All procedures were performed by a single operator (RMS) with the assistance of another operator (EB), both experienced anaesthetists in locoregional techniques. Each cadaver was positioned in sternal recumbency with the pelvic limbs pulled forward, and the lumbosacral region was clipped. The same transducer used in Phase I was positioned in a sagittal plane over the caudal lumbar vertebral column and slid caudally until the spinous process of the seventh lumbar vertebra was centred in the ultrasonographic image. Subsequently, the transducer was slid laterally to visualise the “crescent-moon” appearance, formed by the bony surfaces of the L7 lamina and cranial/caudal articular processes. A slight lateral tilt and caudal rotation of the transducer facilitated a lateromedial parasagittal view, revealing the “mouse sign”, in which the “eye” represents the foraminal portion of L7; the “nose” corresponds to the L7 transverse process; and the “ear” to the lamina and caudal articular process of L7 (Figure 1).
Using an in-plane technique, an insulated radiofrequency cannula (CC Straight 20-gauge, 10 cm, 10 mm tip; Boston Scientific, Valencia, CA, USA), was advanced through the epaxial region towards the lumbosacral intervertebral foramen, positioning the cannula tip near the L7 foraminal portion (Figure 1). Placement of the cannula tip at the cranial foraminal region was assessed with fluoroscopy using both ventrodorsal and ventrolateral oblique views (Figure 2). Real-time ultrasound guidance was used to monitor cannula movements until fluoroscopic views verified the final position. Once final placement of the cannula was achieved, the stylet was removed, dipped in black Indian ink, and reintroduced twice to mark the tissue at the distal tip. The procedure was then repeated on the contralateral side. During the procedure, the operator subjectively graded the visualisation quality of bony landmarks and the cannula (“good” or “poor”). If fluoroscopic images indicated that cannula repositioning was needed, the degree of readjustment (“minor” or “major”) was recorded.

2.2.3. Anatomical Dissections and Technique Assessment

Transverse cryosections were performed as described in Phase I. Anatomical sections were photographed with a ruler positioned at the same focal distance as the anatomical cut being assessed. This facilitated digital measurement of the closest distance from the black mark to the targeted dorsal root ganglia. A sliding digital caliper was used in the initial two cadavers to confirm the precision via digital methods, after which digital measurements were used for the remaining cadavers.

2.3. Statistical Analysis

Data were recorded in an Excel spreadsheet (Microsoft Excel for Mac, Version 16.8; Microsoft, Redmond, WA, USA) and transferred to statistical software (IBM SPSS Statistic for Windows 21.0; IBM Corp., Armonk, NY, USA). Descriptive statistics were used to summarise the data. Normality was assessed using the Shapiro–Wilk test. Results were expressed as mean and standard deviation, or median and range, as appropriate.

3. Results

3.1. Phase I: Anatomical Study

The cadaver used in this phase was a 26.5 kg male mongrel with a body condition score (BCS) 6/9 according to the World Small Animal Veterinary Association (WSAVA) Classification [19]. The ultrasonographic examination identified relevant anatomical structures, including the L7 transverse process, body, articular processes, and lamina, as well as the cranial articular process of the sacrum and the medial ileal portion. Soft tissue structures such as the thoracolumbar fascia, epaxial and hypaxial muscles, and the foraminal and extraforaminal portion of L7 were also visualised. Cryosections provided detailed anatomical information, allowing for accurate mapping of the foraminal and surrounding structures (Figure 3).

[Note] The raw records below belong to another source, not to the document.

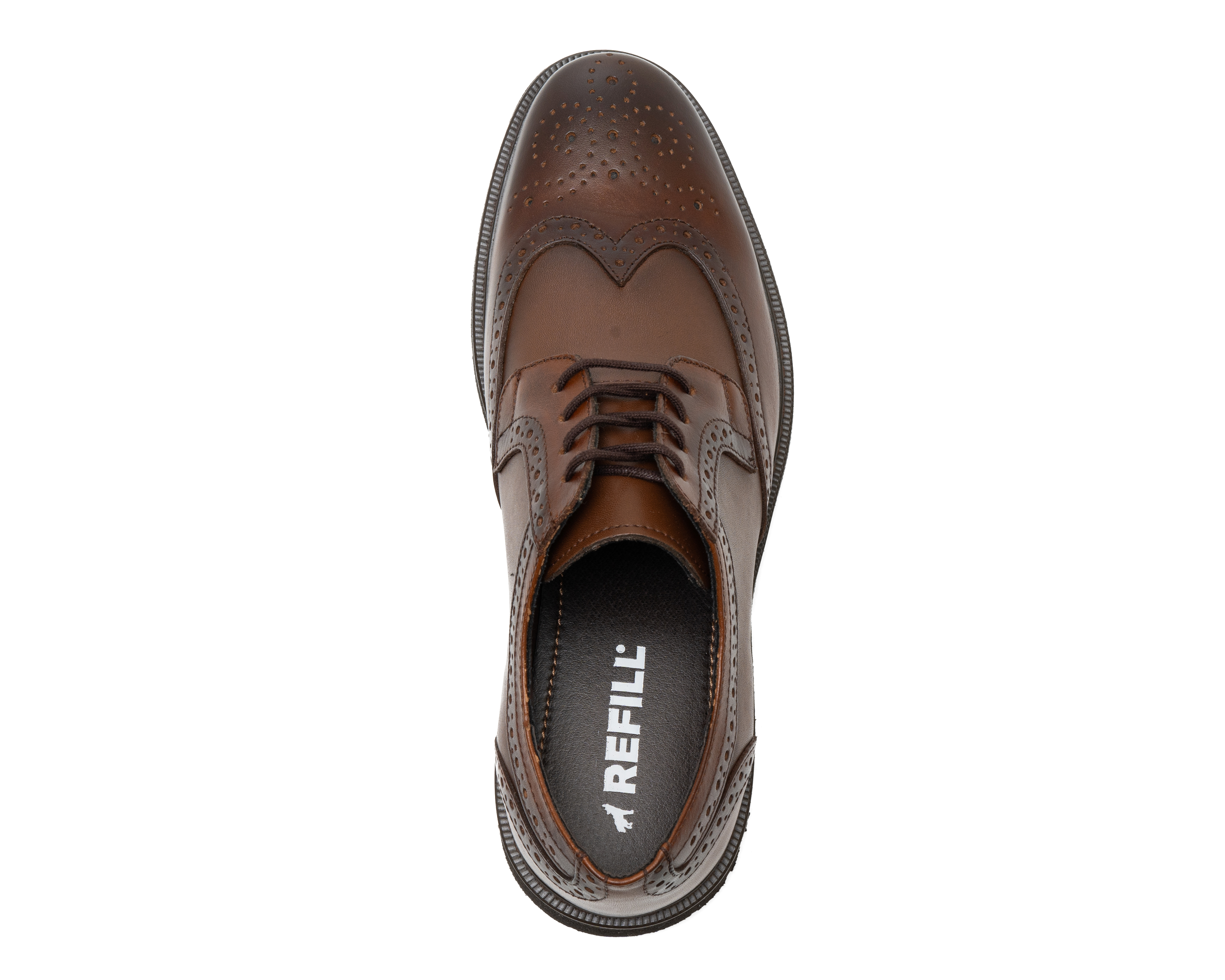 Foto 6 pulgar | Foto 5 | Zapatos Casuales Refill de Piel para Hombre
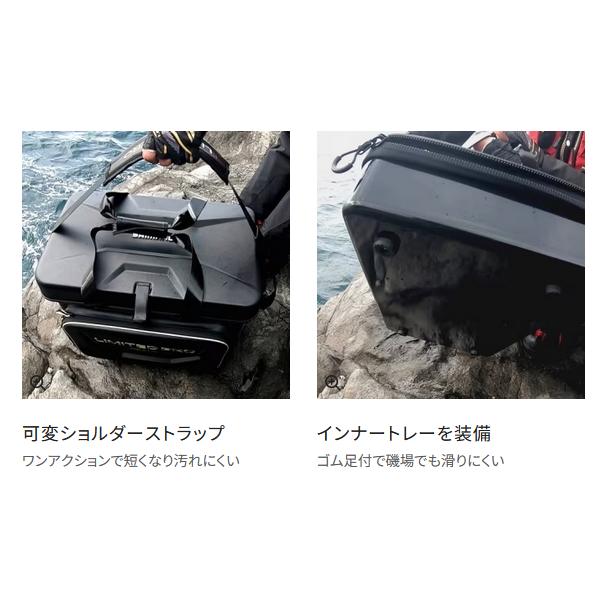 シマノ（SHIMANO） 磯クール リミテッドプロ BA-112S ブラッドレッド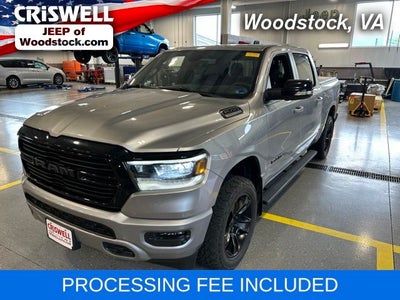 2021 RAM 1500 Big Horn Crew Cab 4x4 5'7' Box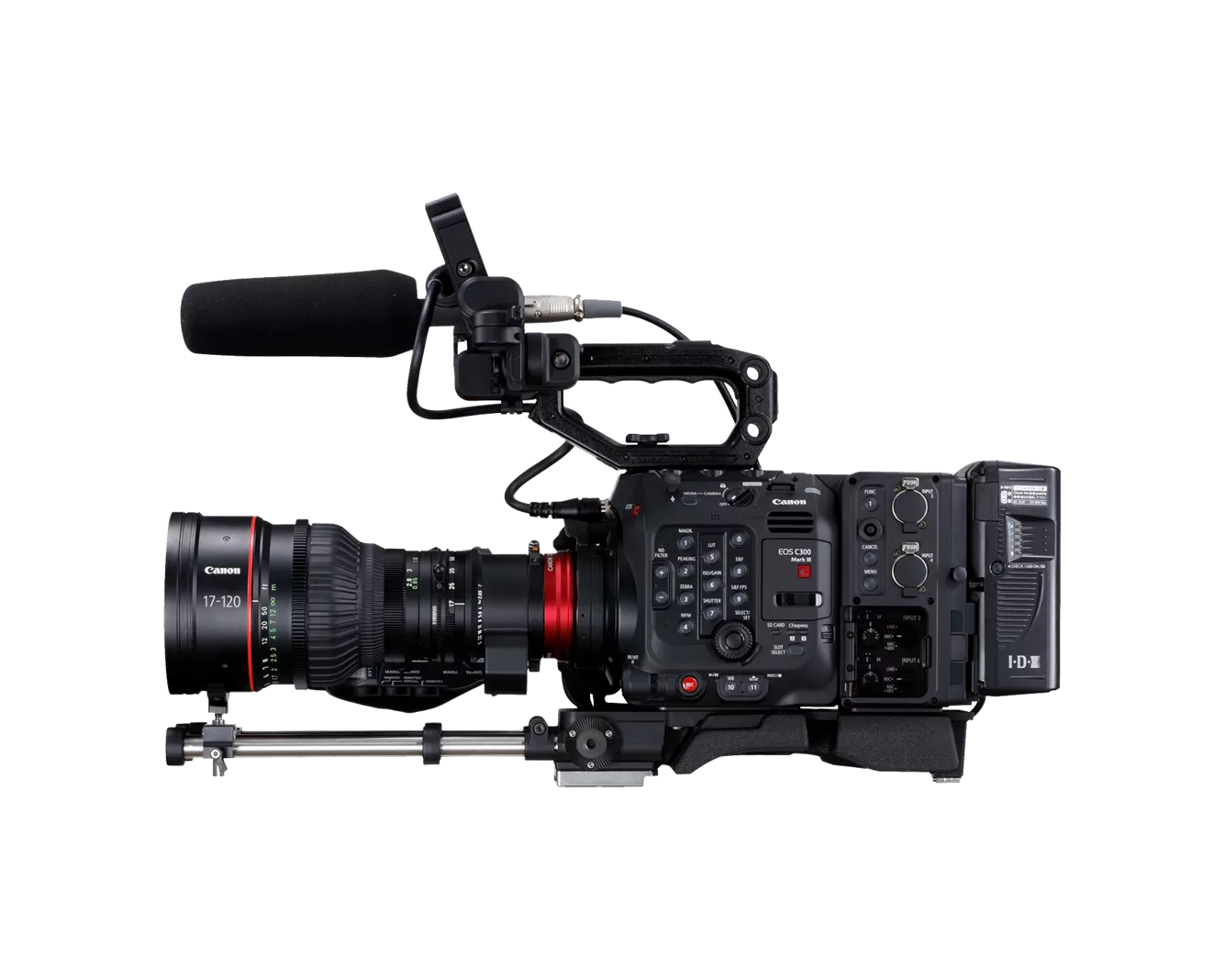 EOS C300 Mark III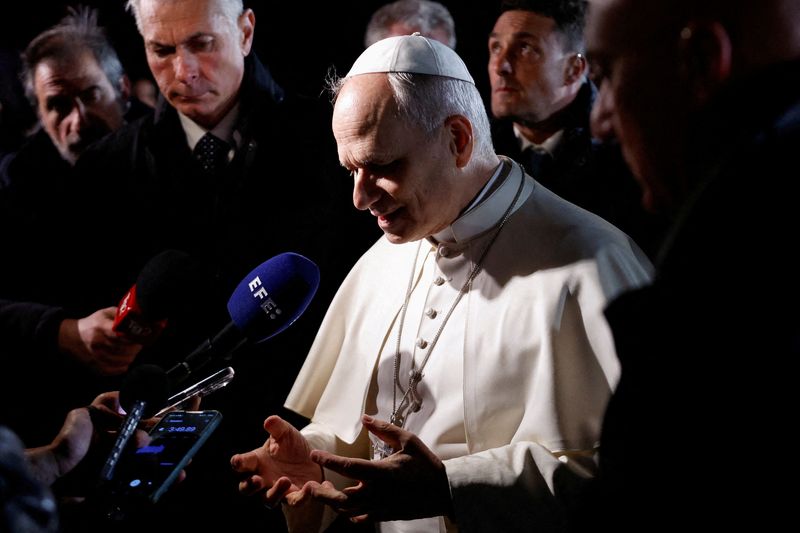 Leo, the first US pope, emerges as pointed Trump critic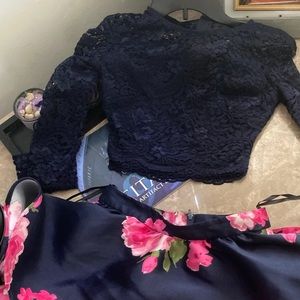 Dillard’s two piece outfit (B-Darling)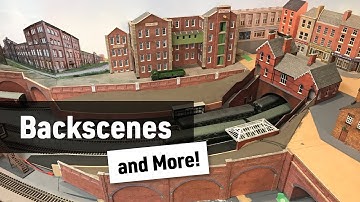 Backscene and Hard-standing Added to the Industrial Area
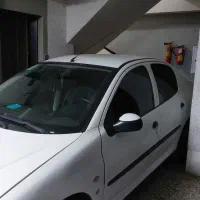 206 SD V8|خودرو سواری و وانت|خرم‌آباد, |دیوار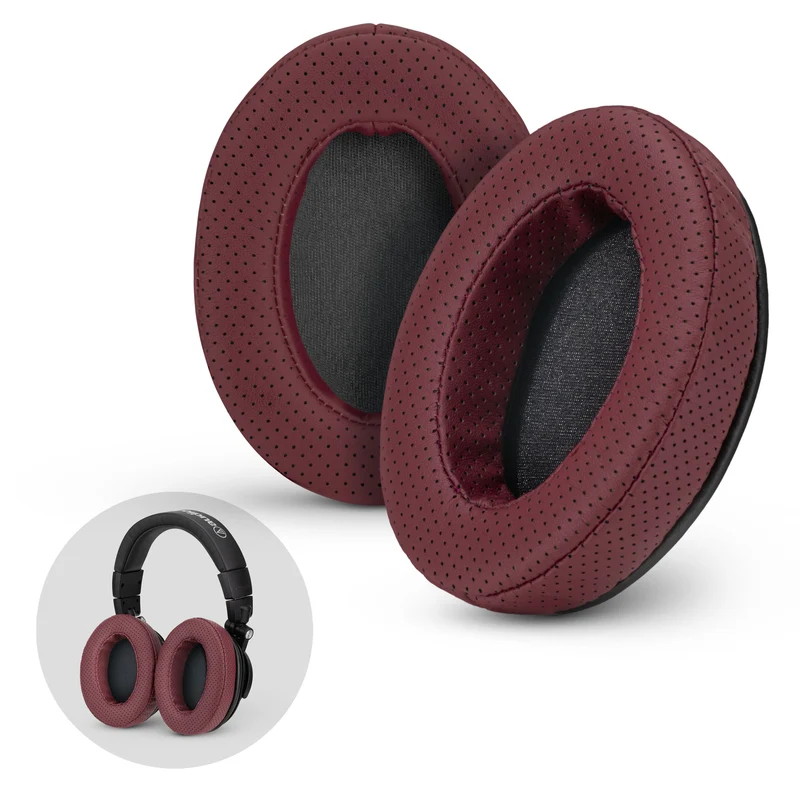 Mga Headphone Memory Foam Earpads - Oval - Perforated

3.2. Phase II: Technique Performance and Assessment

3.2.1. Demographics

Six canine cadavers (three mongrels, one German Shepherd dog, one Dalmatian, and one Staffordshire Terrier) were included, with a mean ± standard deviation body weight and BCS of 18.3 ± 5.3 kg and 5.7 ± 1.4, respectively. During fluoroscopy and subsequent dissections, degenerative lumbosacral changes were observed in two cadavers. These findings were further confirmed by whole-body computed tomography scans performed in the same dogs as part of unrelated studies. The degenerative changes included foraminal stenosis affecting the procedural sites in the 8th, 9th, and 11th procedures.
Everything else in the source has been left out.